**Your task**.
Set down only what runs from the line containing "Covington_Colts's tweet photo." through the last line of the data, exactly as it reads.

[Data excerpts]
☆ ☆ ☆ ☆

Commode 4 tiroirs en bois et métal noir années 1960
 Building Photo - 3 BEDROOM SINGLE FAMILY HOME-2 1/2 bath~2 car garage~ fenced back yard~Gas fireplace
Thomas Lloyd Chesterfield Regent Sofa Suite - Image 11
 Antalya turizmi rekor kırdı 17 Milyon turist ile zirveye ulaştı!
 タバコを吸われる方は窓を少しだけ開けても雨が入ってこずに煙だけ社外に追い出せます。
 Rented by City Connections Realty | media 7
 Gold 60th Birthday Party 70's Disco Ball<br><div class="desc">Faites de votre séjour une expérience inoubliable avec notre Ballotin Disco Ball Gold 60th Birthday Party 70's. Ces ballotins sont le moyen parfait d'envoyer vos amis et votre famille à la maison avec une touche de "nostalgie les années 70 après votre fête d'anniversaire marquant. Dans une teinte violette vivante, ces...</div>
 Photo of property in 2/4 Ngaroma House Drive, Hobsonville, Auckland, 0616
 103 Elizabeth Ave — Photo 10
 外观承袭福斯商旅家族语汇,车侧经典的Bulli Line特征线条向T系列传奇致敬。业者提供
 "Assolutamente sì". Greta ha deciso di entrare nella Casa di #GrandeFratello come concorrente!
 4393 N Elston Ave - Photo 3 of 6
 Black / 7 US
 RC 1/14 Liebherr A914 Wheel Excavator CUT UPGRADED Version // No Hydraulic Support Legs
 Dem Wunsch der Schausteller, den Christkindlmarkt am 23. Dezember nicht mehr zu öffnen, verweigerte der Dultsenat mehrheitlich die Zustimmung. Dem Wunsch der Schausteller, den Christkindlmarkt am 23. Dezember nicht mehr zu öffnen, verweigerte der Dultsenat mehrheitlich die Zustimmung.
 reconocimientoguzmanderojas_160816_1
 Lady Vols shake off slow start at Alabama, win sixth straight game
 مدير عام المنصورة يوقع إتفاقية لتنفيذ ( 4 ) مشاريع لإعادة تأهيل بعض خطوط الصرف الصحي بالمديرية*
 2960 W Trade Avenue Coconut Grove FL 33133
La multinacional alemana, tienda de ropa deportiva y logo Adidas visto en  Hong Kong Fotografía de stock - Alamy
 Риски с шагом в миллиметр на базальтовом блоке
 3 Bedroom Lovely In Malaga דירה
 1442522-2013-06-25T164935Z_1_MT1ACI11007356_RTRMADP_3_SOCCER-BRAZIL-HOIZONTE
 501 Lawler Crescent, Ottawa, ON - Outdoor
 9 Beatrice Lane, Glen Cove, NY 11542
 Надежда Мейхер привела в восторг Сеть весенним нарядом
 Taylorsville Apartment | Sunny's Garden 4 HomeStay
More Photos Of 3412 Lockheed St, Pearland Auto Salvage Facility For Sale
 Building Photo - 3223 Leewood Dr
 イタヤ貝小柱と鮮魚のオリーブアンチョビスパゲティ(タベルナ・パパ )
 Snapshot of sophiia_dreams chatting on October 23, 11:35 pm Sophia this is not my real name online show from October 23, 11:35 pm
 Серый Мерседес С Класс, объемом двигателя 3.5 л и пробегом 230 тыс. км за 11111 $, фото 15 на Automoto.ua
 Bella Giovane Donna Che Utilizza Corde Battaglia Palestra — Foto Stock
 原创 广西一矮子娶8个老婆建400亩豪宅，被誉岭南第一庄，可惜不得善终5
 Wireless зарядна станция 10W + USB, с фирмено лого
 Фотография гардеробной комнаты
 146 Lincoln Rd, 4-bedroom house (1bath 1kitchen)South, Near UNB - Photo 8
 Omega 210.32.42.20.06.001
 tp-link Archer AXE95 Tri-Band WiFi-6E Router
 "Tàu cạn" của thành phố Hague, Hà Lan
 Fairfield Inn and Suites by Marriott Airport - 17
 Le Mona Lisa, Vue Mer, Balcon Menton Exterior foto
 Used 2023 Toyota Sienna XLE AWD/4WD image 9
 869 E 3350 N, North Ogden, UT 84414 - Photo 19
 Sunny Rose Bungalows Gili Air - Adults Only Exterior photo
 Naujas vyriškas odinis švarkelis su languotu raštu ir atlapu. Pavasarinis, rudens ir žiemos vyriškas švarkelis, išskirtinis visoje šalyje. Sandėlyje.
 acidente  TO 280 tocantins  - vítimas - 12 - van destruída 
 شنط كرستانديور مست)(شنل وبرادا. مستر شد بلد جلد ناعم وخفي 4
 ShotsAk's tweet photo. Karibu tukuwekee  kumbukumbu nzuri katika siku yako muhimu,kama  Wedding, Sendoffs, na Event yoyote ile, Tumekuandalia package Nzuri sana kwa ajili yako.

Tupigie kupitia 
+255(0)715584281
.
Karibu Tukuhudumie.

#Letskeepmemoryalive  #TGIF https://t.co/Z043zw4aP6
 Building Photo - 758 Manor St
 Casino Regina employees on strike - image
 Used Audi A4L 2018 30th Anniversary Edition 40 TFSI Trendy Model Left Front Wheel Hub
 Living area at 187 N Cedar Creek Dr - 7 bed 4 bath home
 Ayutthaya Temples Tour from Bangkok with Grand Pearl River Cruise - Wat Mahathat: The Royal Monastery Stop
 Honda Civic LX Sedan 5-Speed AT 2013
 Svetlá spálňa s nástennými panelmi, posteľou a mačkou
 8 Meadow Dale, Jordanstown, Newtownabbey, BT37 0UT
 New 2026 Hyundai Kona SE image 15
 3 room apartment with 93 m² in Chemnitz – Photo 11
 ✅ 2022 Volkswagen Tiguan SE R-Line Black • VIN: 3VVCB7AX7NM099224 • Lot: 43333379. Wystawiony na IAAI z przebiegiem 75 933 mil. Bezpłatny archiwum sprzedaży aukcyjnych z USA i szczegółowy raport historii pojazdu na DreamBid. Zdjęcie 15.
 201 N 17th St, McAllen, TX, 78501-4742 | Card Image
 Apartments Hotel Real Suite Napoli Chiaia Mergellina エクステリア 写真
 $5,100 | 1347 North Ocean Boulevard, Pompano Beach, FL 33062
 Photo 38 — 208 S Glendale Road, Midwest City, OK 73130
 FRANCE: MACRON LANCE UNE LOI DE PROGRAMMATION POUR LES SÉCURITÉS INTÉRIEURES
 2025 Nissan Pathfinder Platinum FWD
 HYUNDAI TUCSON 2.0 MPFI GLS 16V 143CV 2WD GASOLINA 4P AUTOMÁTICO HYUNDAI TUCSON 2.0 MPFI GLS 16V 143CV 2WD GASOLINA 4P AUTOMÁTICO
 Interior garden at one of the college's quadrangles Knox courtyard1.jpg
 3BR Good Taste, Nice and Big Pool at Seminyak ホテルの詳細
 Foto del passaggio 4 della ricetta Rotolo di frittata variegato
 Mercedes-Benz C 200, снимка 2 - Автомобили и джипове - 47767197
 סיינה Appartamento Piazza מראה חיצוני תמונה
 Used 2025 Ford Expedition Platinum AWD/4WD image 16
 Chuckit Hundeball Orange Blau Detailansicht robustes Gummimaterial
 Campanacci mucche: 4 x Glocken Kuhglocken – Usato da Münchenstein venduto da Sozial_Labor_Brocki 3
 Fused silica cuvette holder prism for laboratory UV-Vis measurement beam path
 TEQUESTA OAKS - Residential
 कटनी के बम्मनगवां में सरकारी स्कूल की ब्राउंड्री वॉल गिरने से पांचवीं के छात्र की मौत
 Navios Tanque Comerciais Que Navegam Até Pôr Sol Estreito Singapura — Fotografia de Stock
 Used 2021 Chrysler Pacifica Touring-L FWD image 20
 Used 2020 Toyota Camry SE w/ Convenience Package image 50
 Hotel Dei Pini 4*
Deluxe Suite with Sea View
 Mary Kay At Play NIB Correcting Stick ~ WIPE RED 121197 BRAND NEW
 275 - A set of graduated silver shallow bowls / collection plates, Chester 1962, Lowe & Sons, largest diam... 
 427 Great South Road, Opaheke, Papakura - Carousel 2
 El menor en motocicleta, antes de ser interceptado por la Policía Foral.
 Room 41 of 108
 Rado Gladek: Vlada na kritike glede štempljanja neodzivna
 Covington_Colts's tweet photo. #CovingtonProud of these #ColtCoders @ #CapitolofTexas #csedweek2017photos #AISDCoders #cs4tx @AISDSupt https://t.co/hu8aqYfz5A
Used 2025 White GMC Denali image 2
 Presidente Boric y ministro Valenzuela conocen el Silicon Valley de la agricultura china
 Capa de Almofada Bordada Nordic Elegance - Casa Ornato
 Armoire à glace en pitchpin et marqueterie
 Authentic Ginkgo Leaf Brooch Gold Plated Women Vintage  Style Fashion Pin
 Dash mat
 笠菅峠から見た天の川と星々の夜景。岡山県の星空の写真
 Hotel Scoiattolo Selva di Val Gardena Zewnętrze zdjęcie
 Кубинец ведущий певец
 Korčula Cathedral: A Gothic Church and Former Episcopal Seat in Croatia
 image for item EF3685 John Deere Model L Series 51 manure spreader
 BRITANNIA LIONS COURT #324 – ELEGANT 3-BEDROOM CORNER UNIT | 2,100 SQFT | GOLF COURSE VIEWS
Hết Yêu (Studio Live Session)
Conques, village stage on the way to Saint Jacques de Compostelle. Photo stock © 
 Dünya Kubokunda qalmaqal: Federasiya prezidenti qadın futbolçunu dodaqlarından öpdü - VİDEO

☆ ☆ ☆ ☆

**Task solution**.
 Covington_Colts's tweet photo. #CovingtonProud of these #ColtCoders @ #CapitolofTexas #csedweek2017photos #AISDCoders #cs4tx @AISDSupt https://t.co/hu8aqYfz5A
Used 2025 White GMC Denali image 2
 Presidente Boric y ministro Valenzuela conocen el Silicon Valley de la agricultura china
 Capa de Almofada Bordada Nordic Elegance - Casa Ornato
 Armoire à glace en pitchpin et marqueterie
 Authentic Ginkgo Leaf Brooch Gold Plated Women Vintage  Style Fashion Pin
 Dash mat
 笠菅峠から見た天の川と星々の夜景。岡山県の星空の写真
 Hotel Scoiattolo Selva di Val Gardena Zewnętrze zdjęcie
 Кубинец ведущий певец
 Korčula Cathedral: A Gothic Church and Former Episcopal Seat in Croatia
 image for item EF3685 John Deere Model L Series 51 manure spreader
 BRITANNIA LIONS COURT #324 – ELEGANT 3-BEDROOM CORNER UNIT | 2,100 SQFT | GOLF COURSE VIEWS
Hết Yêu (Studio Live Session)
Conques, village stage on the way to Saint Jacques de Compostelle. Photo stock © 
 Dünya Kubokunda qalmaqal: Federasiya prezidenti qadın futbolçunu dodaqlarından öpdü - VİDEO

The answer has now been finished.